Alors qu’il appuie son argumentation sur l’évolution de l’espérance de vie constatée au sein de la population française, le Gouvernement omet deux données majeures :
L’espérance de vie en bonne santé – c’est-à-dire sans limitation irréversible d’activité dans la vie quotidienne ni incapacités – reste faible dans notre pays et atteint péniblement 64,1 ans pour les femmes et 62,7 pour les hommes quand elle culmine respectivement à 64,2 et 63,5 ans dans le reste de l’Europe.

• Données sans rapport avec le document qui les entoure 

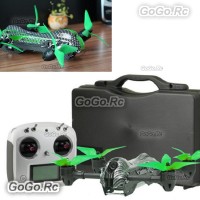 Tarot 290 High Speed Racing Drone Kit Set with 2.4G FS-i6S transmitter and Flight Controller  TL4A02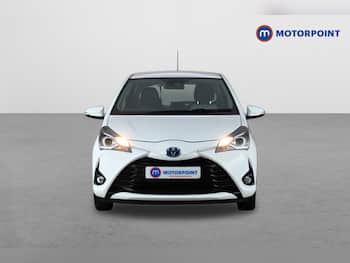 Used Toyota Yaris 2020 for sale - 79736333: Photo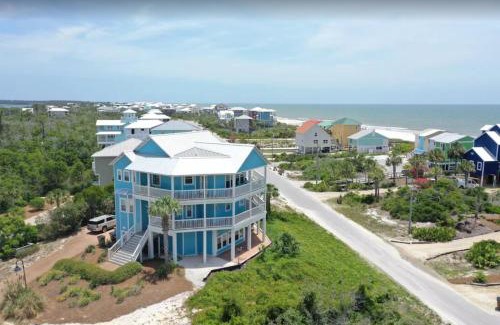 Seagrass House | Cape Life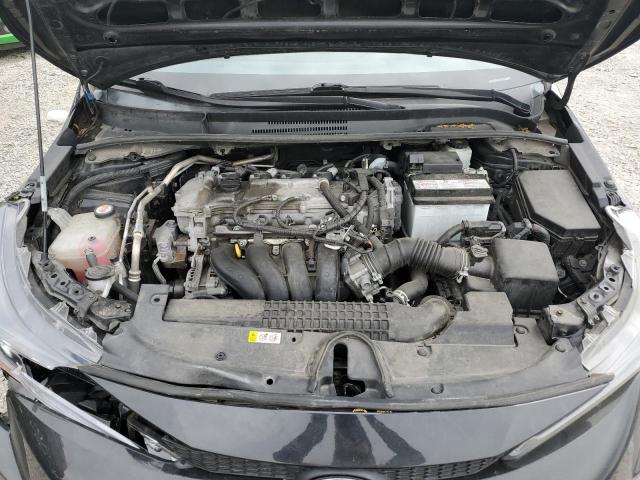 2021 TOYOTA COROLLA LE - 5YFEPMAE3MP228444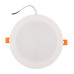 Светильник светодиодный PLED DL7 18Вт 6500К IP54 1530лм WH встраив. бел. Pro JazzWay 5069107 Светильник светодиодный PLED DL7 18Вт 6500К IP54 1530лм WH встраив. бел. Pro JazzWay 5069107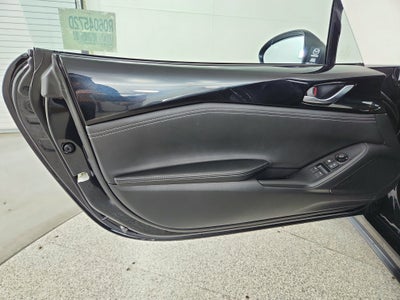 2024 Mazda Mazda MX-5 Miata Club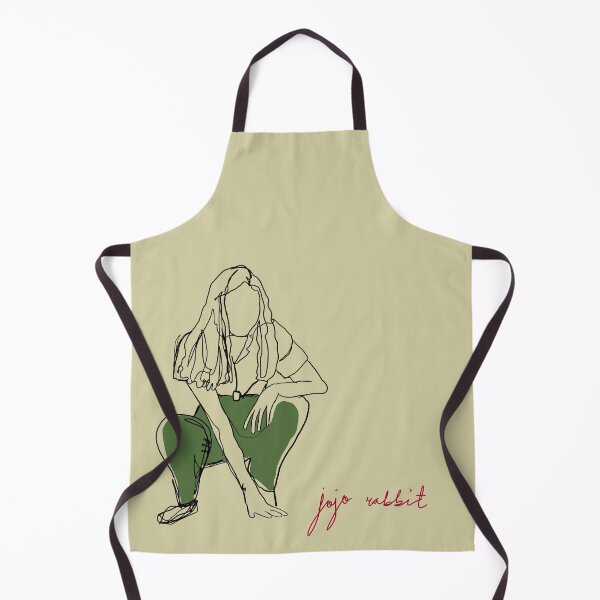Item preview, Jojo Rabbit designed and sold by ireaaa.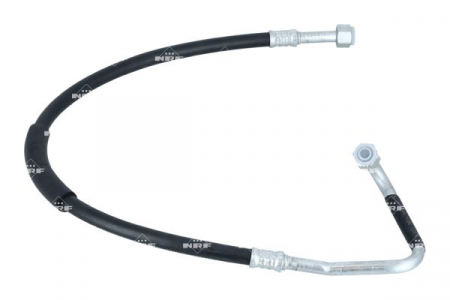 Conducta presiune aer conditionat potrivit AUDI A4 B5, A6 C5; VW PASSAT B3/B4, PASSAT B5, PASSAT B5.5 1.6-2.8 11.94-05.05 [3]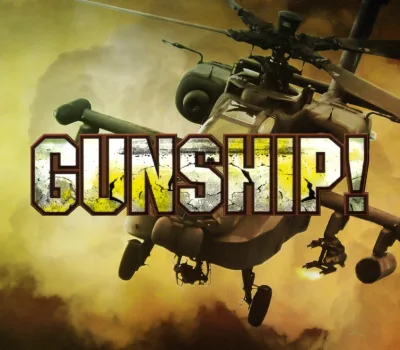 Gunship! Steam CD Key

L’écart avec le leader européen, la Suède, est de presque dix ans (73 ans) alors que l’espérance de vie à la naissance est quasi équivalente dans les deux pays.
Reculer le moment du départ à la retraite revient donc à emprisonner les travailleuses et travailleurs dans des situations d’emploi difficiles, parfois synonymes de souffrances, au détriment de leur santé.
Le Gouvernement, dans ses projections, nie par ailleurs les inégalités d’espérance de vie au sein même de la population française. Dans une étude rendue publique en février 2016, l’Institut National de la Statistique et des Etudes Economiques (INSEE) mettait en lumière un écart d’espérance de vie de six ans, en moyenne, entre un ouvrier et un cadre. La valorisation de l’endurance, en particulier dans les métiers physiques, et les difficultés à s’arrêter de travailler sans risquer de perdre son emploi lors de la vie active (notamment) ont un impact conséquent sur la durée de vie des plus modestes.
Corréler l’âge de départ à la retraite à l’espérance de vie globale de la population, c’est donc condamner les plus faibles, les plus vulnérables, à travailler plus longtemps en se basant sur une statistique tirée vers le haut par des catégories de travailleurs moins exposés à la souffrance au travail. En plus de perpétrer les inégalités existantes, ce système punira les plus fragiles.
Le présent amendement propose donc calculer le futur âge d’équilibre à partir des prévisions d’espérance de vie en bonne santé pour une génération, en prenant en compte les inégalités entre assurés.